(Beginning of INPUT)

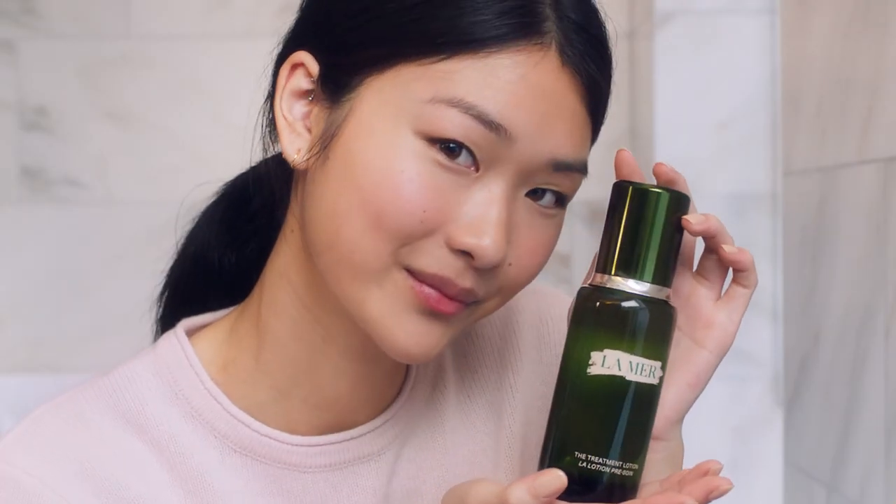Do you see that glow? Just add this one more step into your routine and it's a win-win. I'm obsessed.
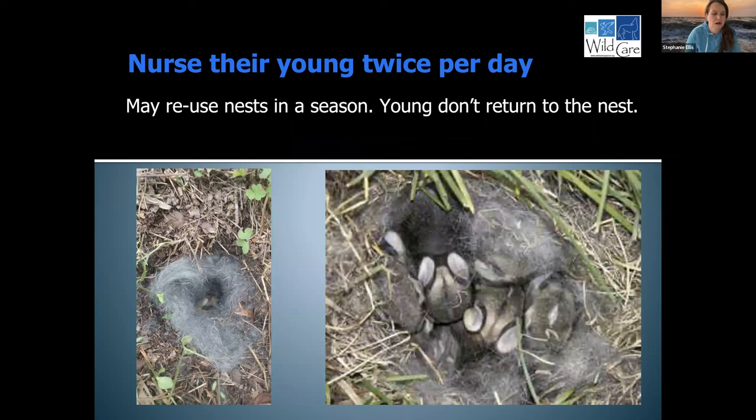The important thing is that the mother rabbit, knowing she is such a prey animal, does not stay at the nest. She only nurses the young typically twice a day at dusk and dawn — they are a crepuscular species. This is critically important if you find a nest, because if you find a nest, there is not going to be a mother with it, and that does not mean they're orphaned. A female may reuse a nest within a given season, but the young rabbits do not return to the nest. So if you have rabbits nesting in your yard and they disperse and you don't want the nest anymore, you can dispose of it.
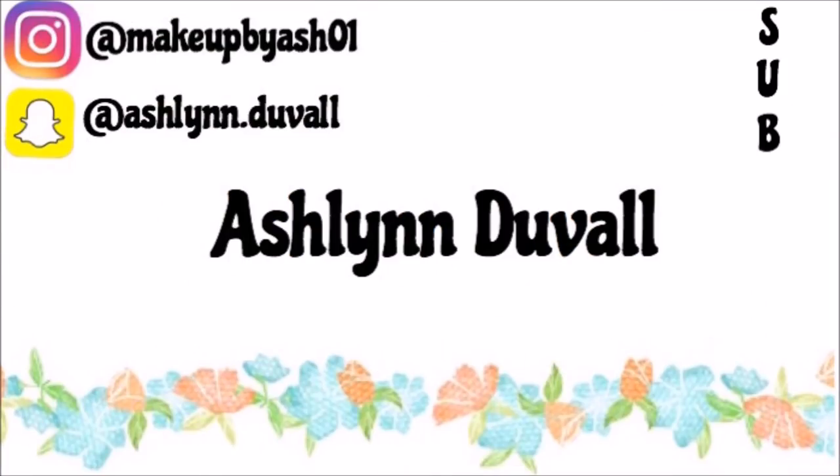Hey guys, it's Ashlyn. So in today's video, I'm going to be doing a makeup collection. I cannot explain to you how bad you guys wanted this video — I've never gotten that many comments on one video ever. So, here it is.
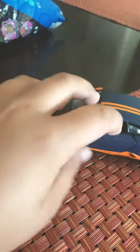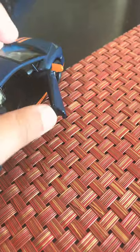So this Lamborghini has opening doors and it's a Lamborghini Huracán — blah blah blah, just read that, I don't care.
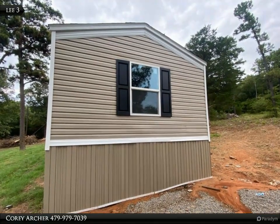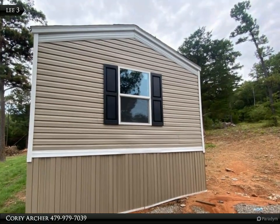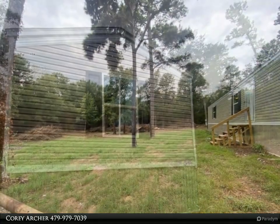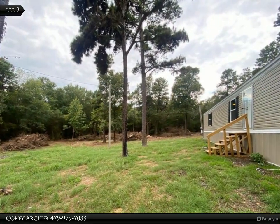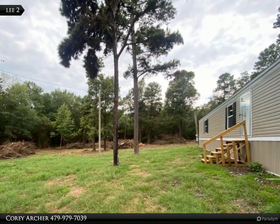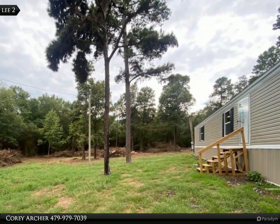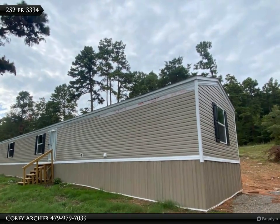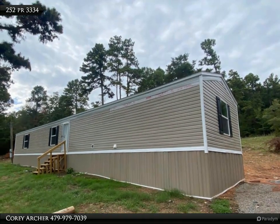This Coldwell Banker Premier Realty property video is presented by Cory Archer. Move-in ready, this charming mobile home offers 1,140 square feet of living space, featuring three bedrooms, two large bathrooms, and electric kitchen appliances included.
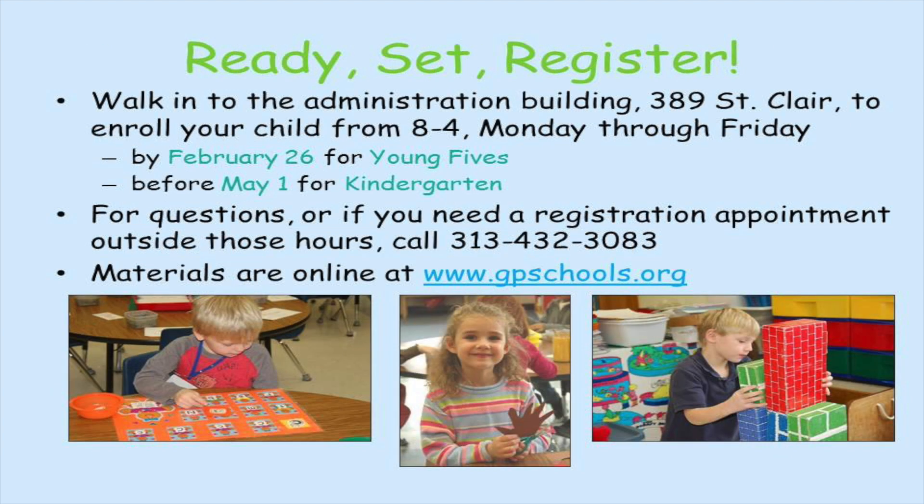Ready, set, register! You can walk into the administration building at 389 St. Clair Avenue to enroll your child from 8 to 4, Monday through Friday. For questions or if you need an appointment outside those hours, please call 313-432-3083. All of our materials are online at gpschools.org.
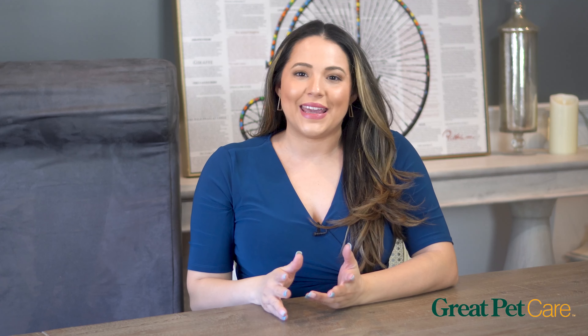Hi, it's Kathy with Great Pet Care. In this week's video we're going to be taking a look at the best orthopedic dog beds to help your dog get comfortable, especially if they struggle with joint pain or are a breed that's prone to that.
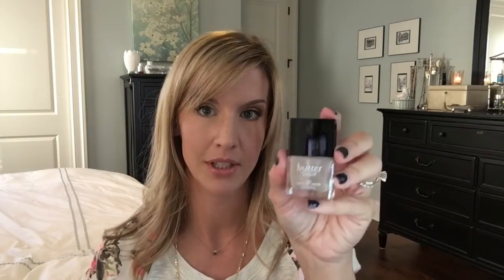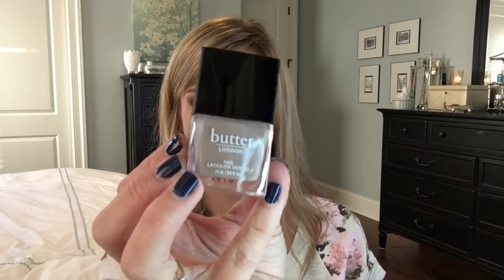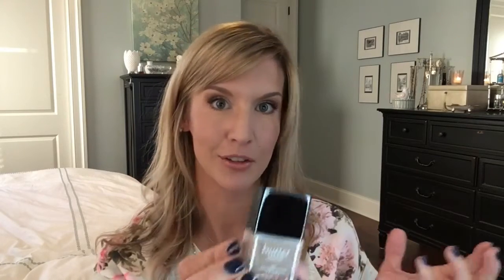Okay, next item is in bubble wrap. I already know what this is. This is a full size Butter London nail polish in Yummy Mummy. This looks like a really great fall color if you don't want to have a dark color like a navy or a black or a brown or burgundy. This looks really nice. Full size.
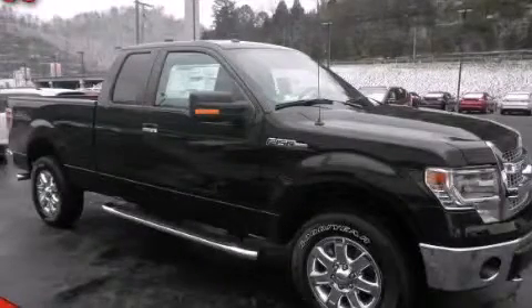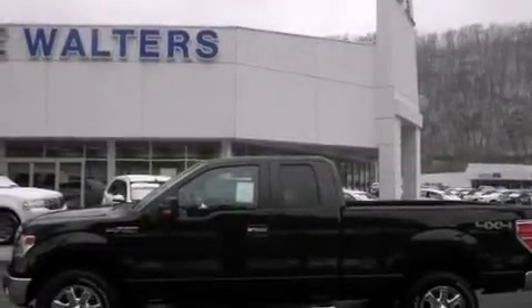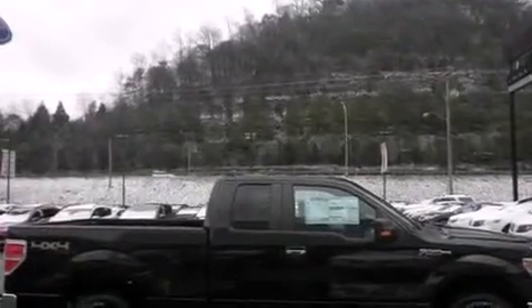This is a 2014 Ford F-150. Strong, durable, and dependable. It has a 5.0 liter 8-cylinder engine and an automatic transmission.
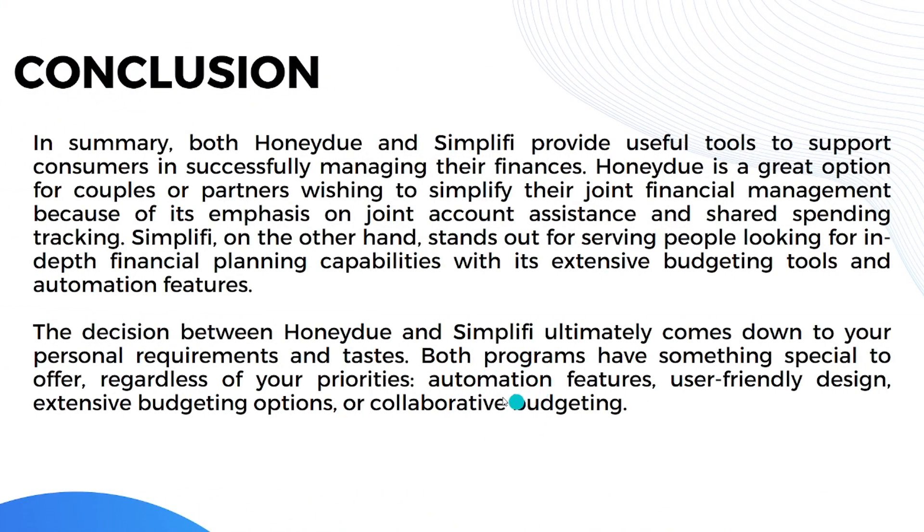In summary, both HoneyDue and Simplifi provide useful tools to help consumers successfully manage their finances. HoneyDue is a great option for couples or partners wishing to simplify joint financial management, with its emphasis on joint accounts and shared spending tracking. Simplifi stands out for those seeking in-depth financial planning with its extensive budgeting tools and automation features. The decision ultimately comes down to your personal requirements — whether your priority is user-friendly design, extensive budgeting options, or collaborative budgeting. That's it for today's video — see you in the next one!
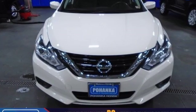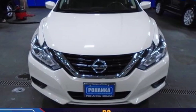Innovation. Excitement. Nissan. Driving is believing. Test drive it today.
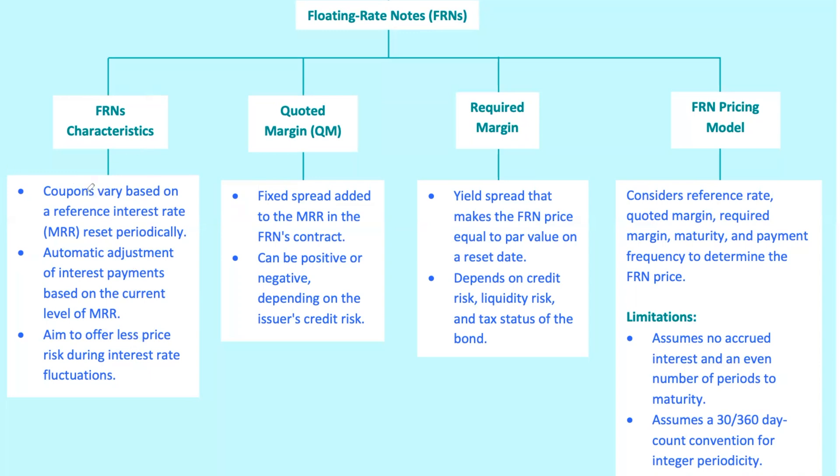Imagine a corporation called TechX Incorporated issues an FRN with a quarterly reset based on the three-month LIBOR plus a quoted margin of 1.5%. If LIBOR is at 2.5% today, the next coupon payment would be based on a 4% rate — 2.5% LIBOR plus 1.5% quoted margin. Easy, right?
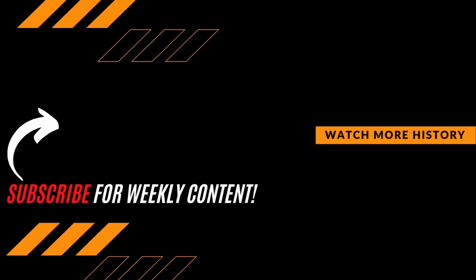As always, thanks for watching. Be sure to hit that subscribe button if you want to expand your knowledge and join the growing Premier History community. See you next time.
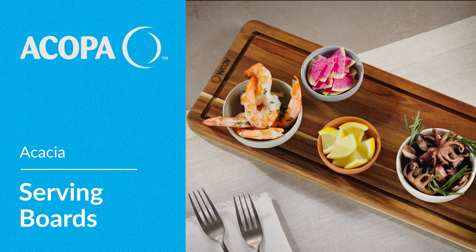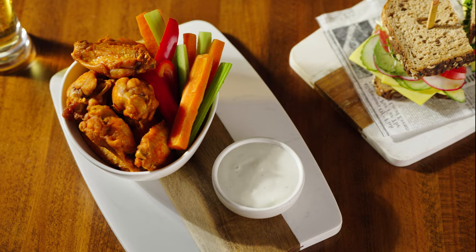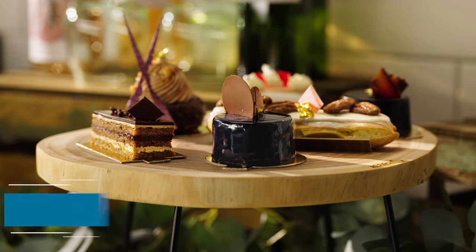Acopa serving boards are made from exotic acacia wood, featuring a distinctive grain with a wide range of colors. These boards have a smooth, durable surface.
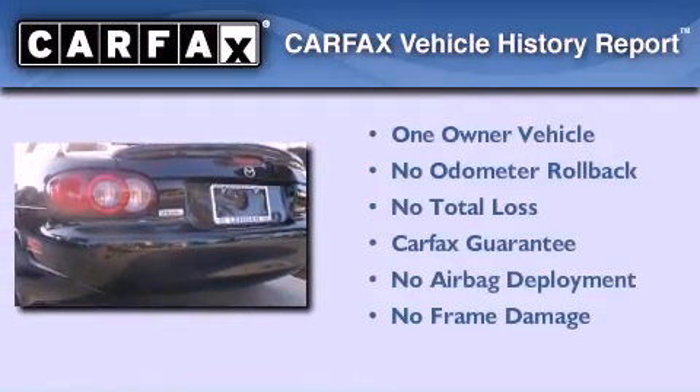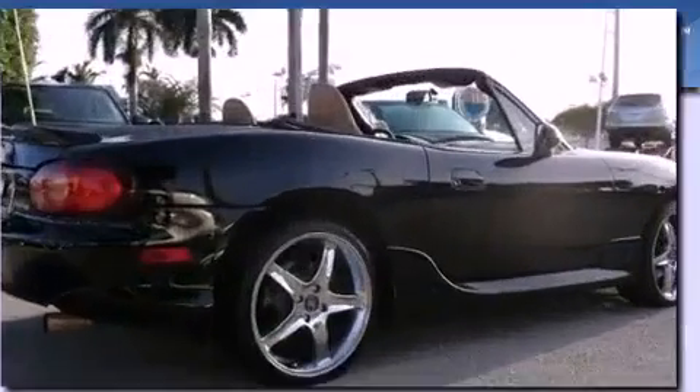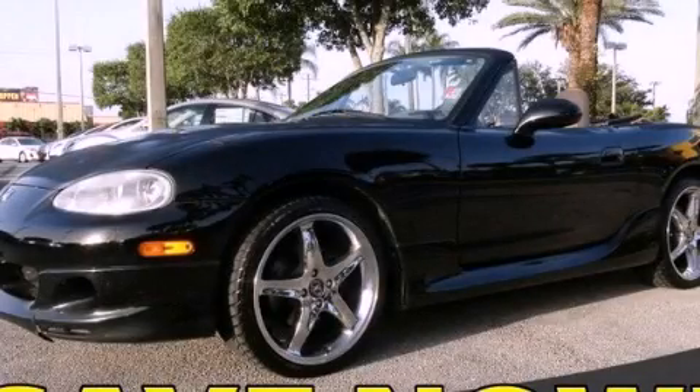This Mazda has had only one owner and it qualifies for the Carfax buy-back guarantee. We invite you to contact us today to learn more about this vehicle.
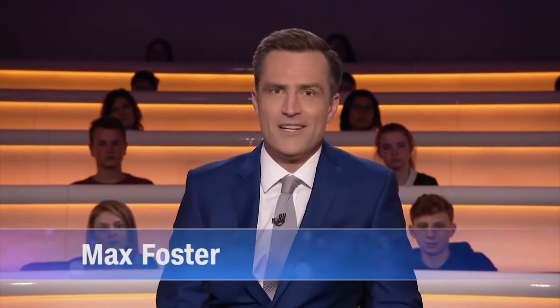Welcome back to the McLaren Thought Leadership Centre and CNN Inspirations. I'm Max Foster. This hour, we are taking a journey around the world and into the sea to find exciting new species.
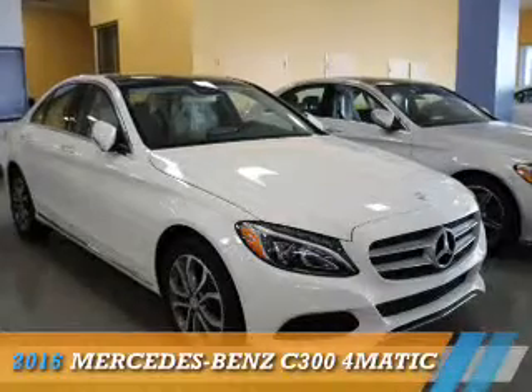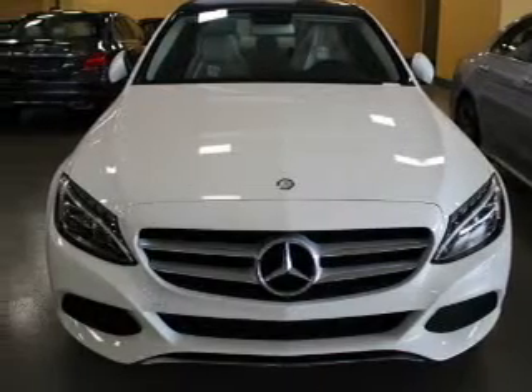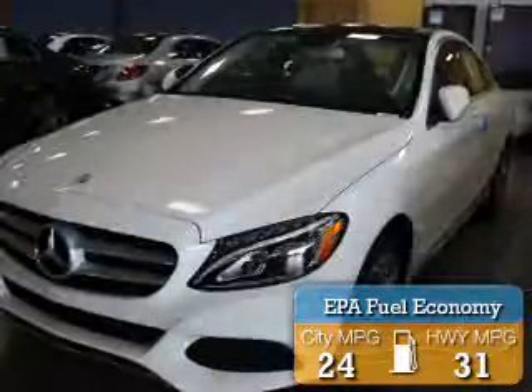This could be the vehicle you're looking for. It's powered by all-wheel drive, a 2-liter, 4-cylinder engine, and an automatic transmission. Great fuel efficiency saves you money by requiring fewer trips to the gas station.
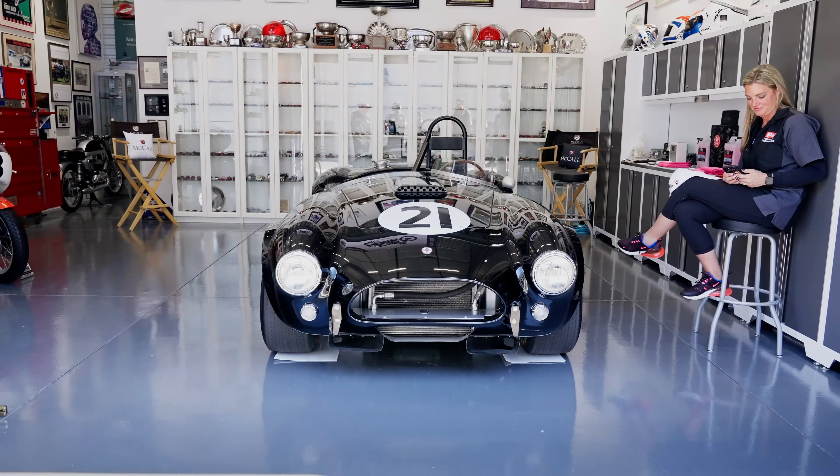On lighting, Gordon chose LED over fluorescent — fluorescent is vicious on paint — but added incandescent lighting to highlight helmets and memorabilia for vibe rather than function. For flooring, he went with epoxy gray, wanting it to simply 'go away' visually and not compete with everything else in the space.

(End of INPUT)

From the first line to the last, repeat the records exactly, leaving out the pictures.

EXPECTED ANSWER:
Do you see that glow? Just add this one more step into your routine and it's a win-win. I'm obsessed.
The important thing is that the mother rabbit, knowing she is such a prey animal, does not stay at the nest. She only nurses the young typically twice a day at dusk and dawn — they are a crepuscular species. This is critically important if you find a nest, because if you find a nest, there is not going to be a mother with it, and that does not mean they're orphaned. A female may reuse a nest within a given season, but the young rabbits do not return to the nest. So if you have rabbits nesting in your yard and they disperse and you don't want the nest anymore, you can dispose of it.
Hey guys, it's Ashlyn. So in today's video, I'm going to be doing a makeup collection. I cannot explain to you how bad you guys wanted this video — I've never gotten that many comments on one video ever. So, here it is.
So this Lamborghini has opening doors and it's a Lamborghini Huracán — blah blah blah, just read that, I don't care.
This Coldwell Banker Premier Realty property video is presented by Cory Archer. Move-in ready, this charming mobile home offers 1,140 square feet of living space, featuring three bedrooms, two large bathrooms, and electric kitchen appliances included.
Ready, set, register! You can walk into the administration building at 389 St. Clair Avenue to enroll your child from 8 to 4, Monday through Friday. For questions or if you need an appointment outside those hours, please call 313-432-3083. All of our materials are online at gpschools.org.
Hi, it's Kathy with Great Pet Care. In this week's video we're going to be taking a look at the best orthopedic dog beds to help your dog get comfortable, especially if they struggle with joint pain or are a breed that's prone to that.
Okay, next item is in bubble wrap. I already know what this is. This is a full size Butter London nail polish in Yummy Mummy. This looks like a really great fall color if you don't want to have a dark color like a navy or a black or a brown or burgundy. This looks really nice. Full size.
This is a 2014 Ford F-150. Strong, durable, and dependable. It has a 5.0 liter 8-cylinder engine and an automatic transmission.
In summary, both HoneyDue and Simplifi provide useful tools to help consumers successfully manage their finances. HoneyDue is a great option for couples or partners wishing to simplify joint financial management, with its emphasis on joint accounts and shared spending tracking. Simplifi stands out for those seeking in-depth financial planning with its extensive budgeting tools and automation features. The decision ultimately comes down to your personal requirements — whether your priority is user-friendly design, extensive budgeting options, or collaborative budgeting. That's it for today's video — see you in the next one!
Innovation. Excitement. Nissan. Driving is believing. Test drive it today.
Imagine a corporation called TechX Incorporated issues an FRN with a quarterly reset based on the three-month LIBOR plus a quoted margin of 1.5%. If LIBOR is at 2.5% today, the next coupon payment would be based on a 4% rate — 2.5% LIBOR plus 1.5% quoted margin. Easy, right?
As always, thanks for watching. Be sure to hit that subscribe button if you want to expand your knowledge and join the growing Premier History community. See you next time.
Acopa serving boards are made from exotic acacia wood, featuring a distinctive grain with a wide range of colors. These boards have a smooth, durable surface.
This Mazda has had only one owner and it qualifies for the Carfax buy-back guarantee. We invite you to contact us today to learn more about this vehicle.
Welcome back to the McLaren Thought Leadership Centre and CNN Inspirations. I'm Max Foster. This hour, we are taking a journey around the world and into the sea to find exciting new species.
This could be the vehicle you're looking for. It's powered by all-wheel drive, a 2-liter, 4-cylinder engine, and an automatic transmission. Great fuel efficiency saves you money by requiring fewer trips to the gas station.
On lighting, Gordon chose LED over fluorescent — fluorescent is vicious on paint — but added incandescent lighting to highlight helmets and memorabilia for vibe rather than function. For flooring, he went with epoxy gray, wanting it to simply 'go away' visually and not compete with everything else in the space.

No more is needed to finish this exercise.